Information provided:
──────────
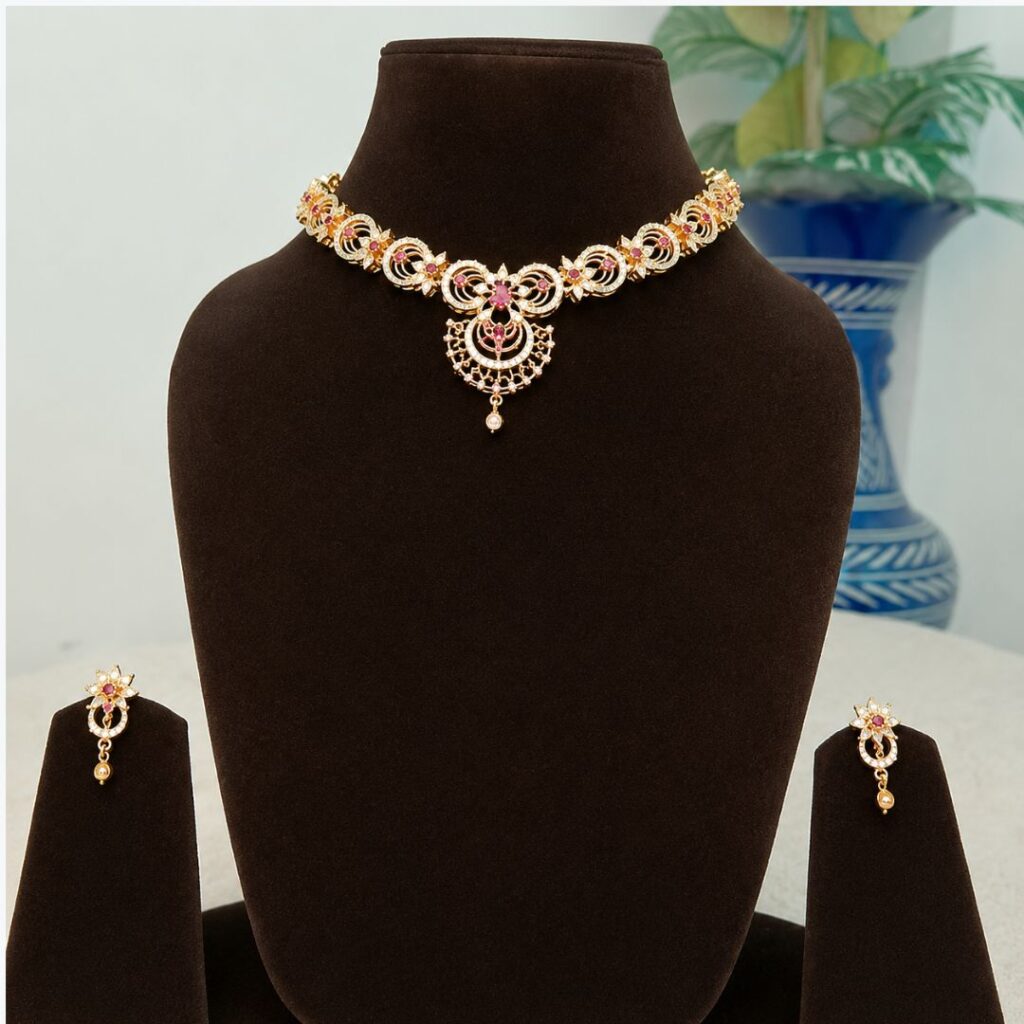 AttirewithEvara CZ Stone Necklace Set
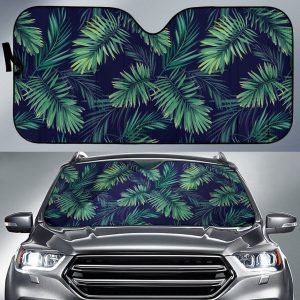 Dark Tropical Palm Leaf Car Auto Sun Shade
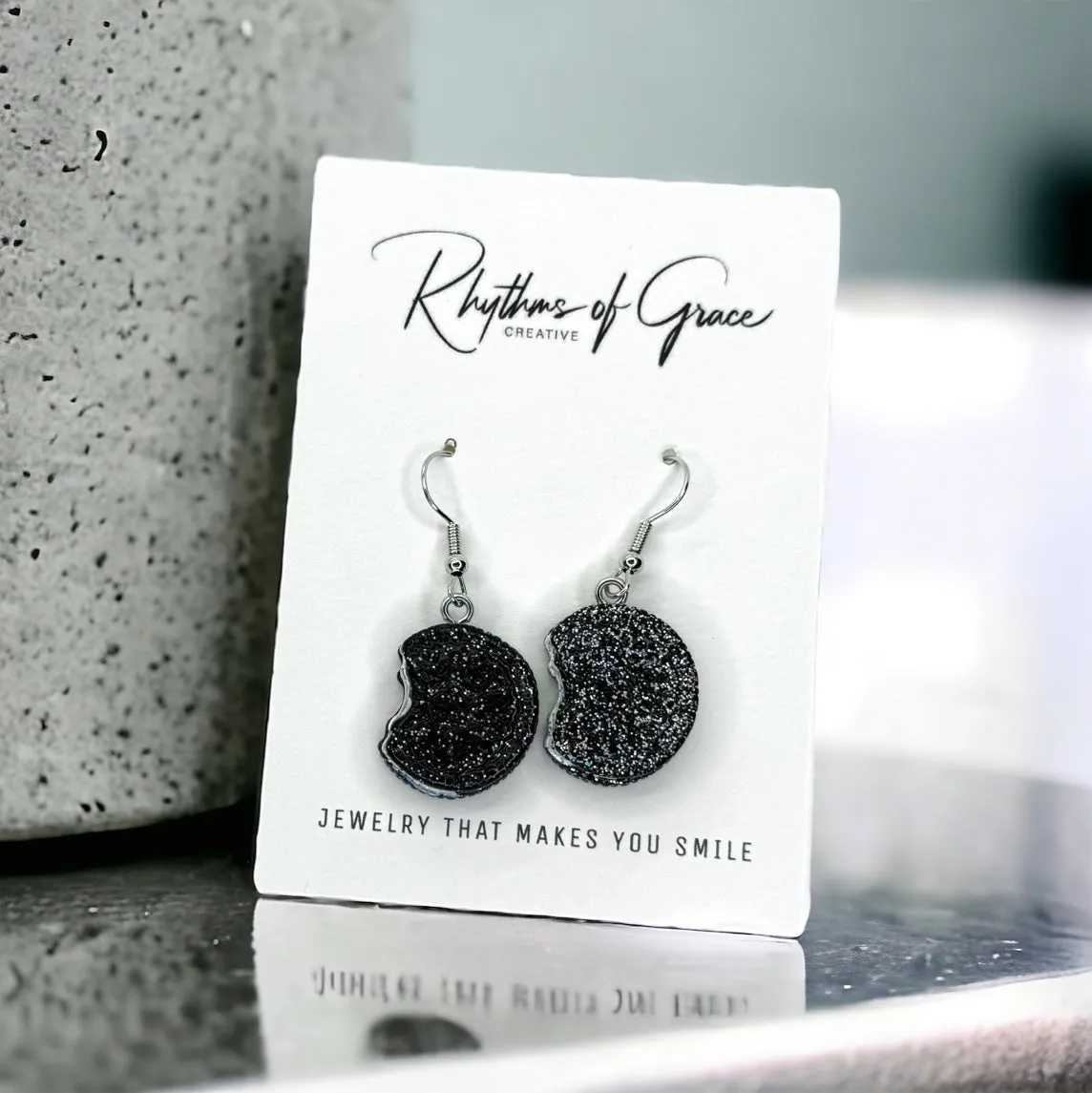 Cookie Earrings - Handmade Earrings, Chocolate Cookie, Handmade Jewelry, Chocolate Chip Cookie, Food Earrings, Snack Food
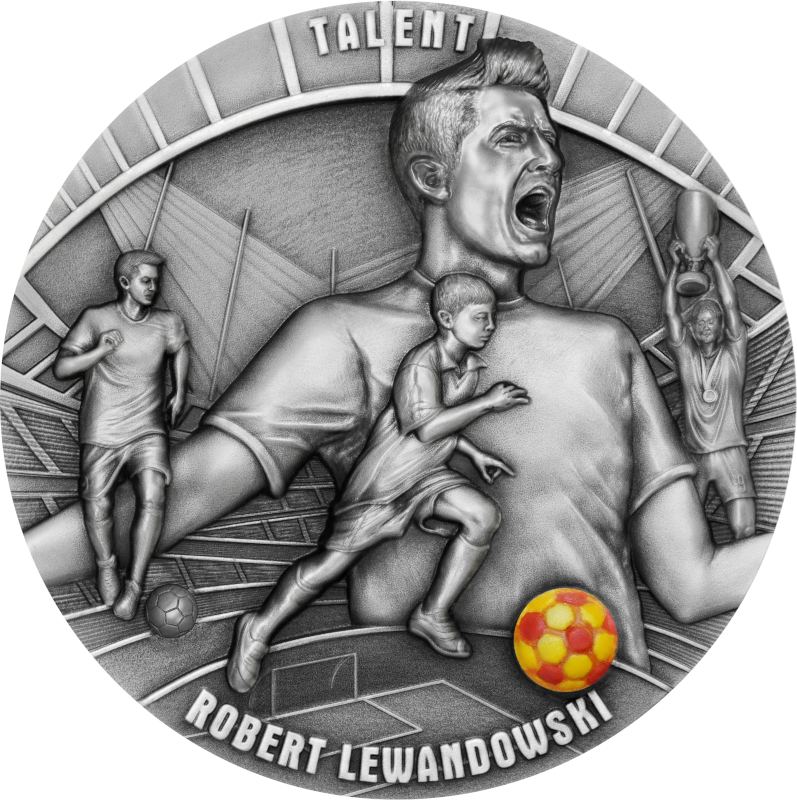 Robert Lewandowski na serii monet Mennicy Gdańskiej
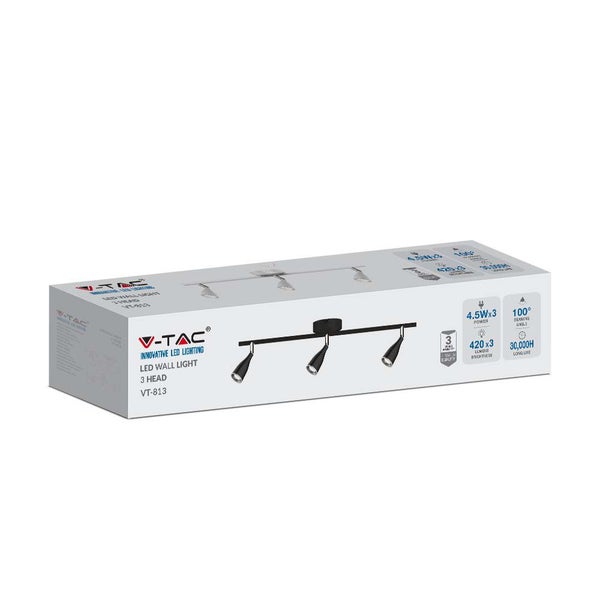 V-TAC VT-813-W-N - LED-Wandleuchten mit Dreifachkopf - IP20 - Weiß - 13.5W - 1260 Lumen - 3000K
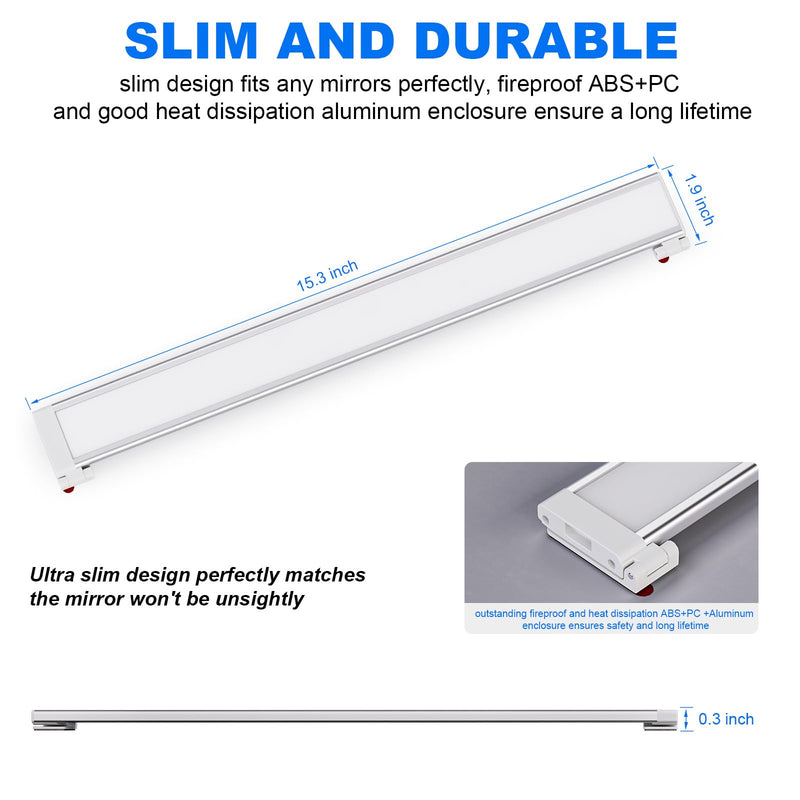 MY BEAUTY LIGHT Angle Adjustable LED Vanity Lights for Mirror, Bright Dimmable and Color Temperature Changeable LED Makeup Lights, Stick-on 24V Plug-in Bathroom Vanity Light Fixture 16.0 Watts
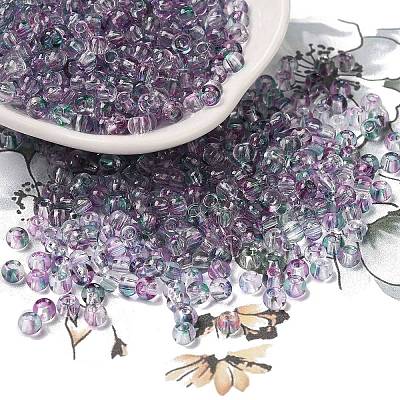 Transparent Colours Glass Round Beads SEED-F006-05A-12-1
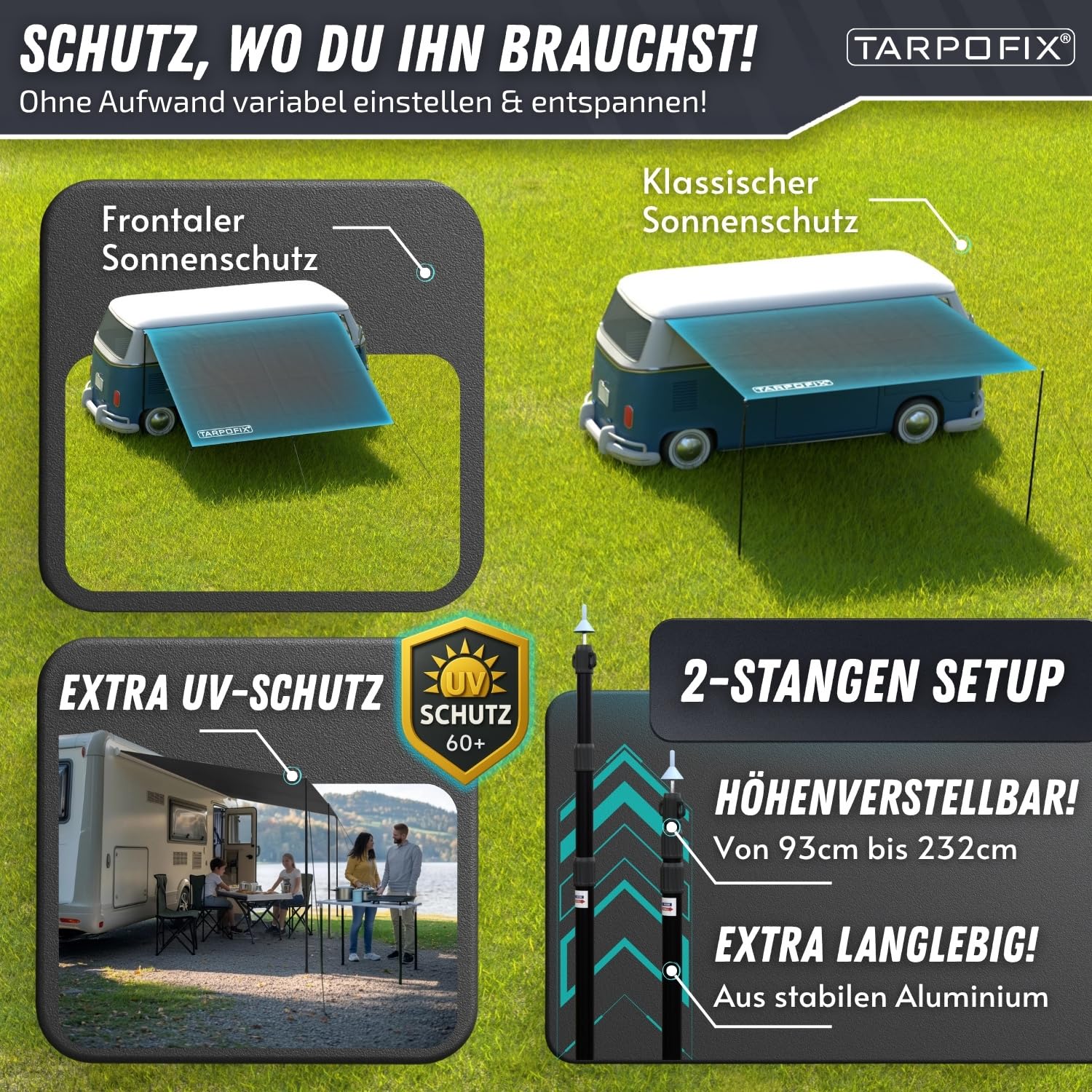 Tarpofix® Sonnensegel Wohnwagen 3 x 2,4 m Wasserabweisendes Sonnendach UV Schutz Camping Kederleiste Vorzelt Plane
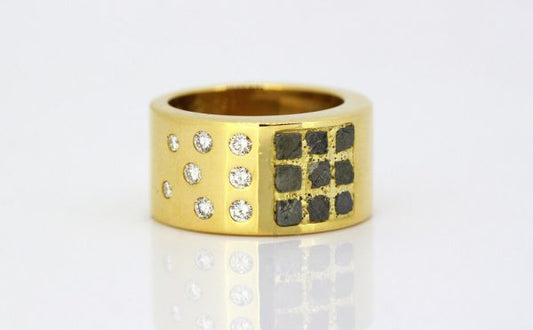 Vintage Cartier Diamond and Rough Black Diamond Set 18ct Yellow Gold Ring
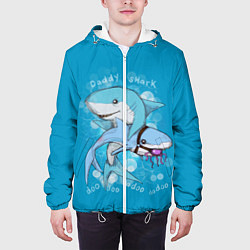 Куртка с капюшоном мужская Dady Shark, цвет: 3D-белый — фото 2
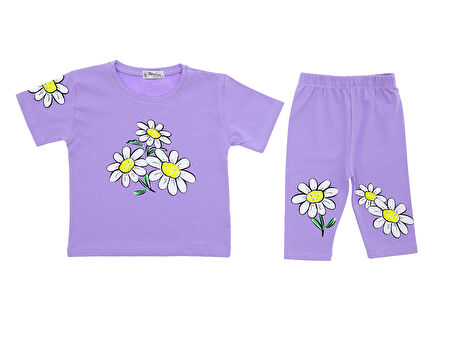 Kız Çocuk Şortlu Takım Papatya Baskılı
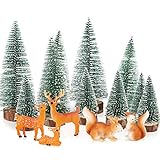 BHGT 15 Pcs Weihnachten Mini Figuren Mini Weihnachtsbaum Künstlich Miniatur Tannenbaum Rentier Miniatur Klein Weihnachtsfiguren Weihnachtsschmuck zum Basteln Mini Weihnachtsdek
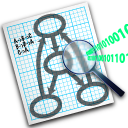 Graphviz logo -- arrows pointing between circles on graph paper, with magnifying glass on top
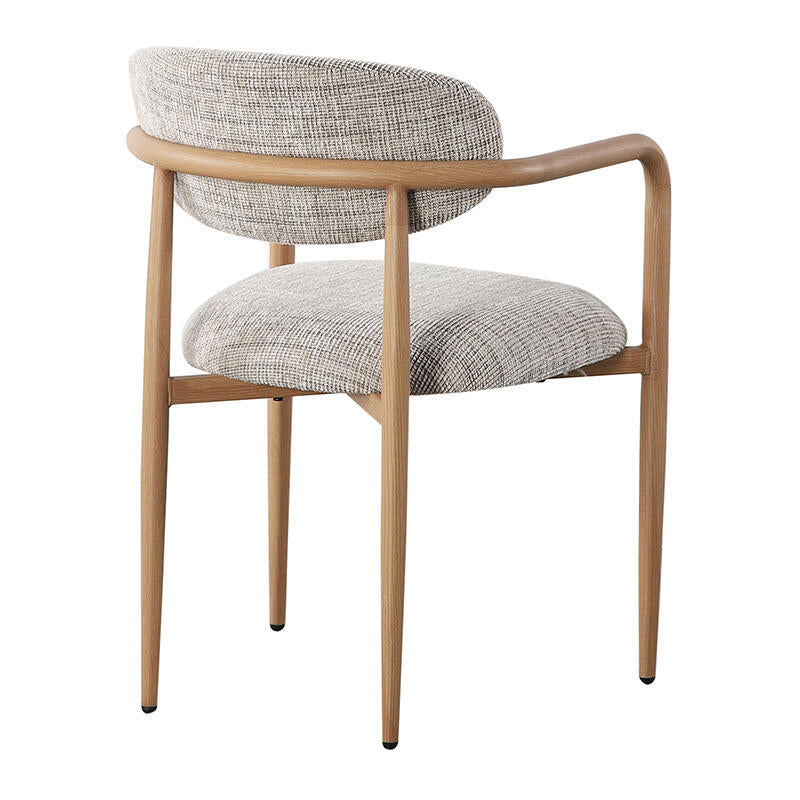 Armlehnstuhl SAKE in grau-beige mit Holzgestell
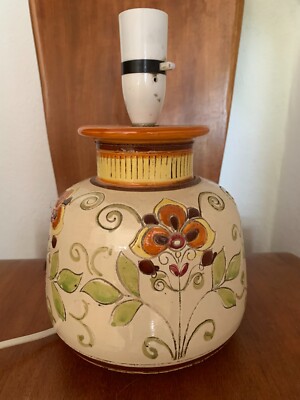 Mid Century Italienischer Bitossi Lampenfuß Blumenmuster Retro Italian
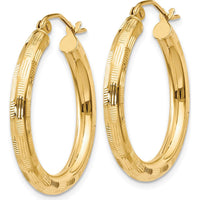 14K Yellow Gold Diamond-Cut Large Hoop Earrings 25mm by 0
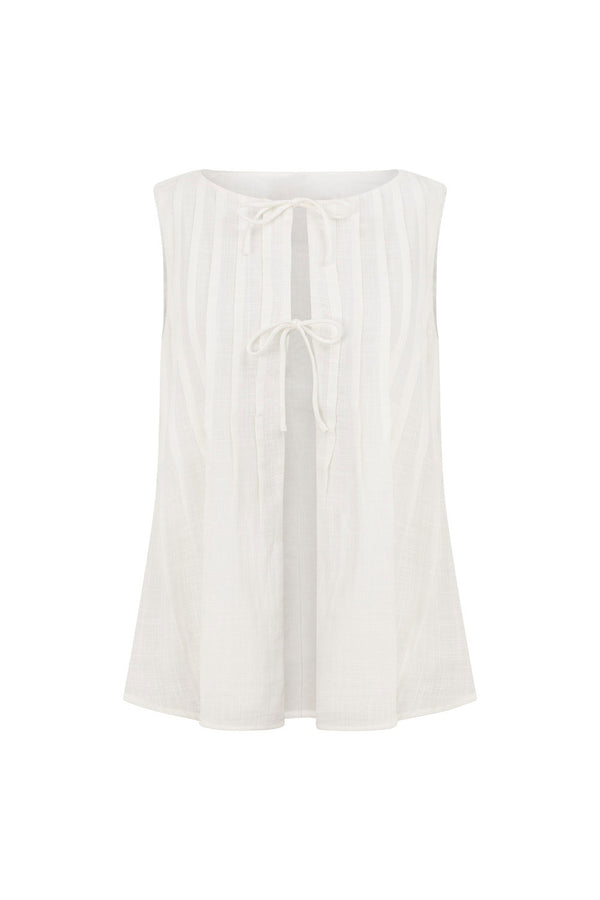 White Cotton Tie Gaia Top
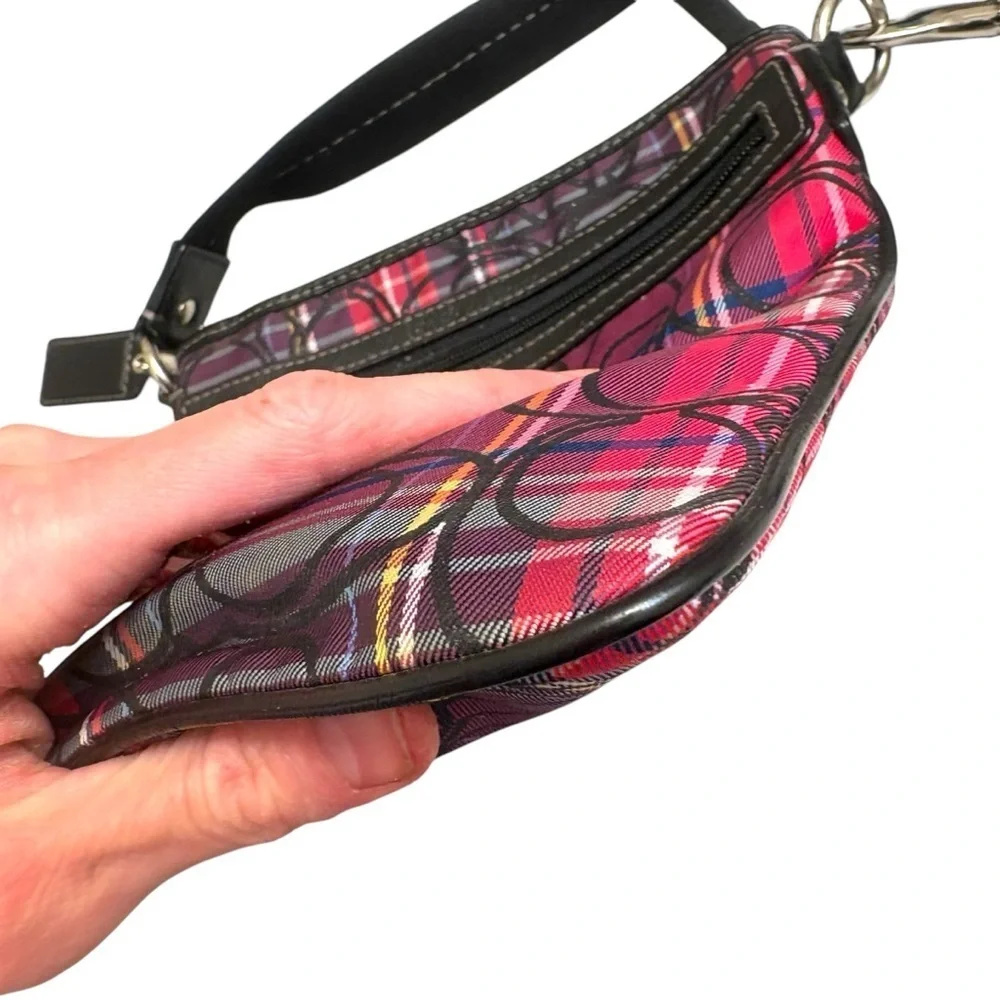 Coach pink/purple tartan poppy crossbody bag Y2K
──────────
Task: Copy the lines of the records, beginning where the line containing "Mid Century Italienischer" appears and continuing through the final line, exactly and with no pictures.

Solution:
 Mid Century Italienischer Bitossi Lampenfuß Blumenmuster Retro Italian
 14K Yellow Gold Diamond-Cut Large Hoop Earrings 25mm by 0
 White Cotton Tie Gaia Top
 Coach pink/purple tartan poppy crossbody bag Y2K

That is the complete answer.